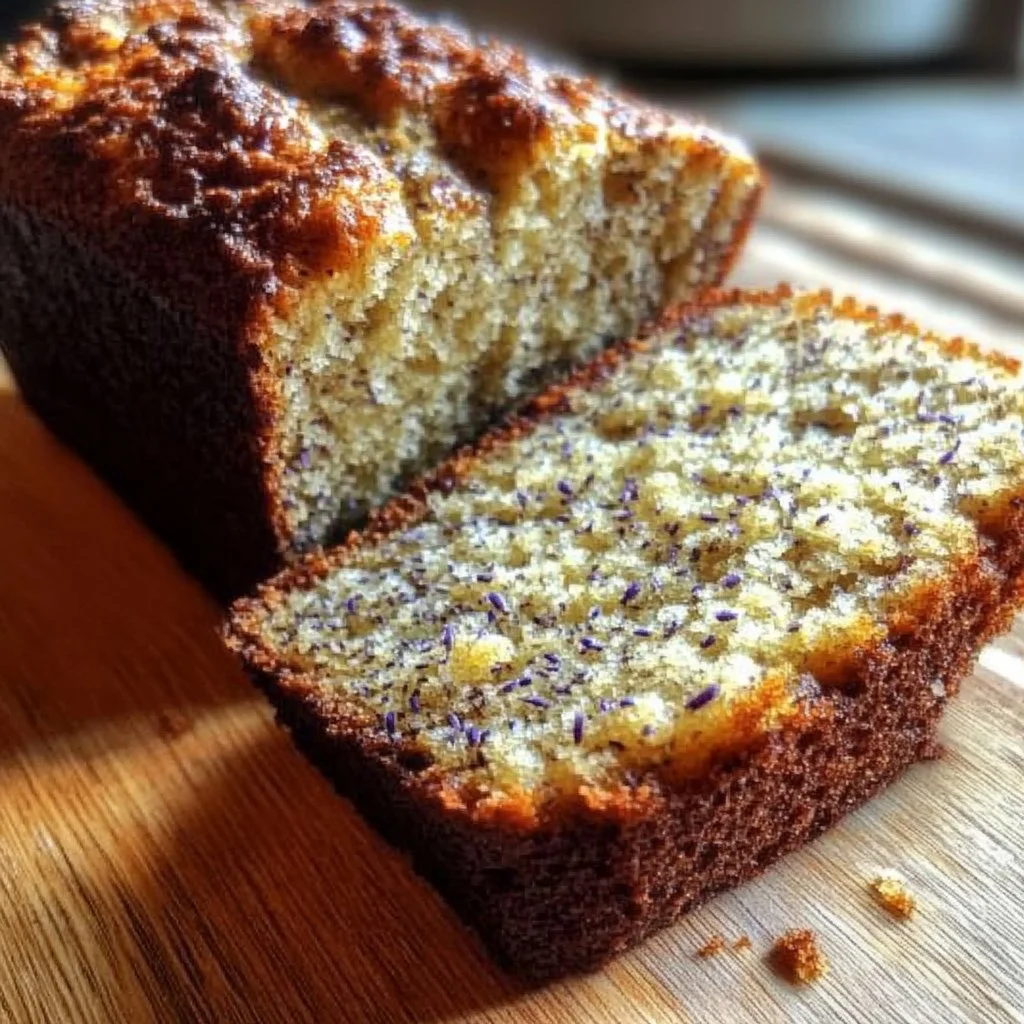 Deliciously moist lavender banana bread with a hint of floral flavor.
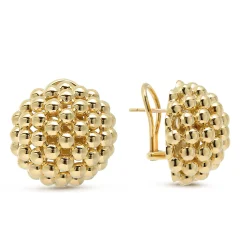 18K Gold Beaded Omega Clip Earrings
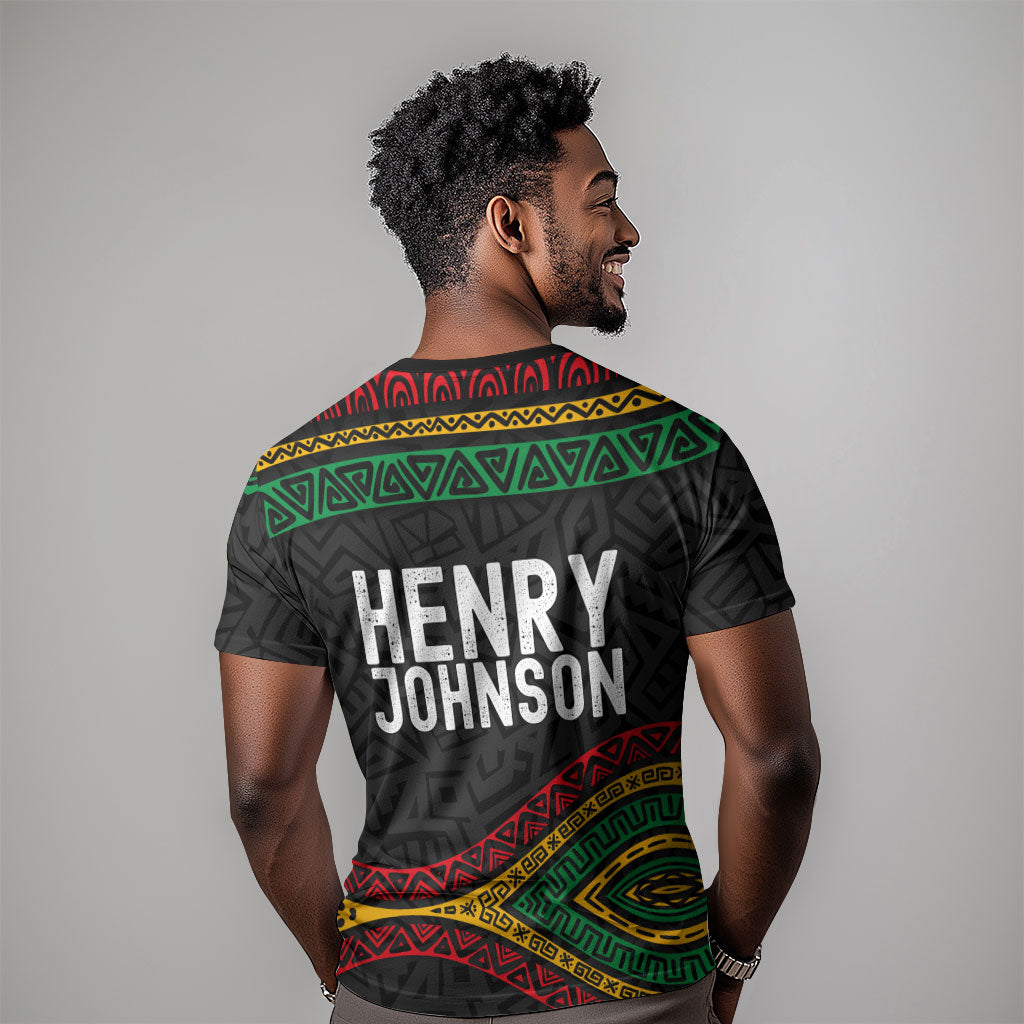 Henry Johnson Black History Month T shirt Pan African Colors Tribal Geometric Pattern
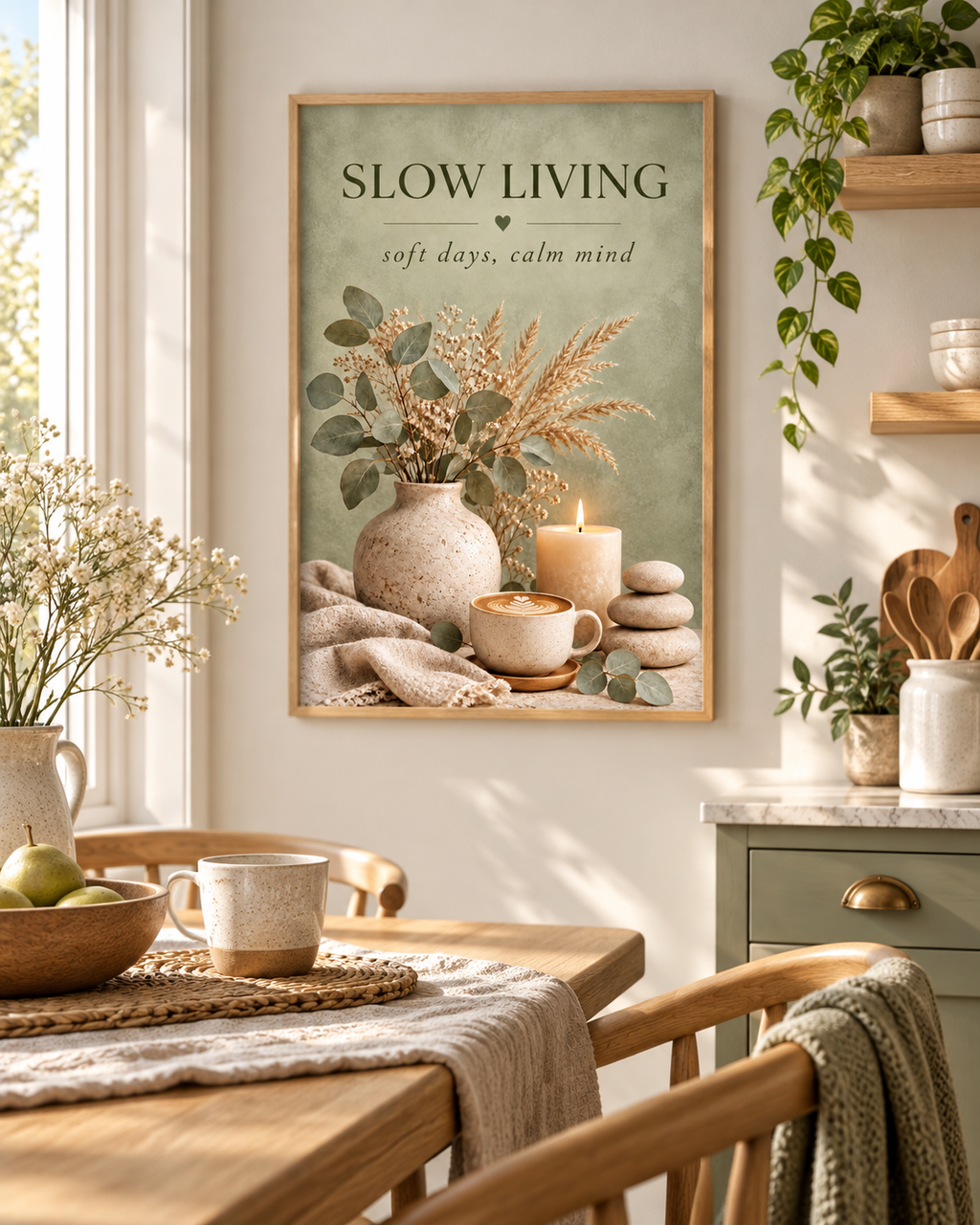 Slow Living artwork with sage green foliage, dried grasses, a coffee cup, candle, ceramic vase and pebbles styled in a dining corner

- Description of the task
Images are to be left out; everything else in the material must be written out exactly.

- Response area
 Deliciously moist lavender banana bread with a hint of floral flavor.
 18K Gold Beaded Omega Clip Earrings
 Henry Johnson Black History Month T shirt Pan African Colors Tribal Geometric Pattern
 Slow Living artwork with sage green foliage, dried grasses, a coffee cup, candle, ceramic vase and pebbles styled in a dining corner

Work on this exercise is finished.